Yeah, you really do need to be very specific and provide examples, otherwise they tend to go for stereotypical things like you mention.
Like others have said it’s a bit silly to project some idea of “how X people would pose for a photo” when the people in question lived before photography was invented. There simply is no cultural frame of reference to say one way or the other what their expressions would’ve looked like. @Sodliddesu rightly pointed out that “traditional Māori Haka” !== “traditional Māori photo pose,” for example.
But I am really curious about historical human happiness in general. My impression of the past is roughly that, until maybe the 1920s or so, “most” (vague scare quotes around “most”) people’s lives were on the whole “nasty, brutish, and short.” As much as I love the concept of time travel, there is literally no time in the past that I would want to live in more than today.
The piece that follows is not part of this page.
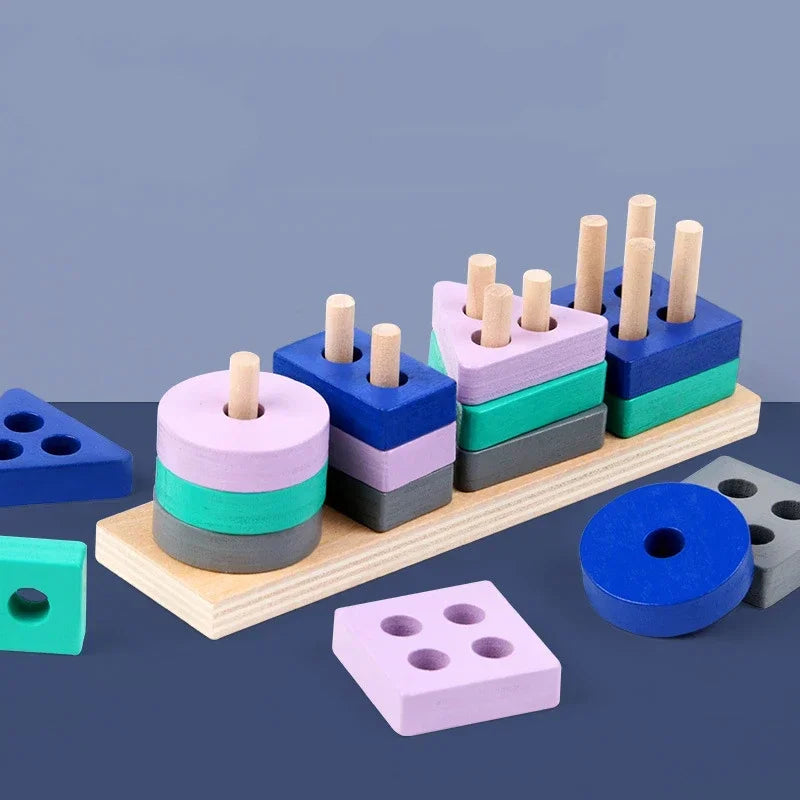Wooden Building Blocks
Just in terms of prosperity, medicine, technology, etc. We’ve got our problems but almost any way you slice it there were more of them in the past. In most respects my humdrum middle-class life is significantly more comfortable than Henry VIII’s was.
So were our ancestors all perpetually miserable and frowning? I’m sure they weren’t. Humans have a remarkable capacity for adapting to whatever condition they find themselves in. The most destitute slave in the ancient world was just as capable of joy as the wealthiest American celebrity is capable of depression and despair. It’s all relative.
But it’s hard to imagine what daily life was really like for average people in history, with no photographic record of it. Most of the written accounts we have are biased toward the wealthy and educated. And those cultures seem outrageously rigid and formal, to me, at least in terms of language and fashion. Which reads to me as “serious” and likely “unhappy.” But I really have no idea. I’d be interested to hear what historians can say about this that I’m not aware of.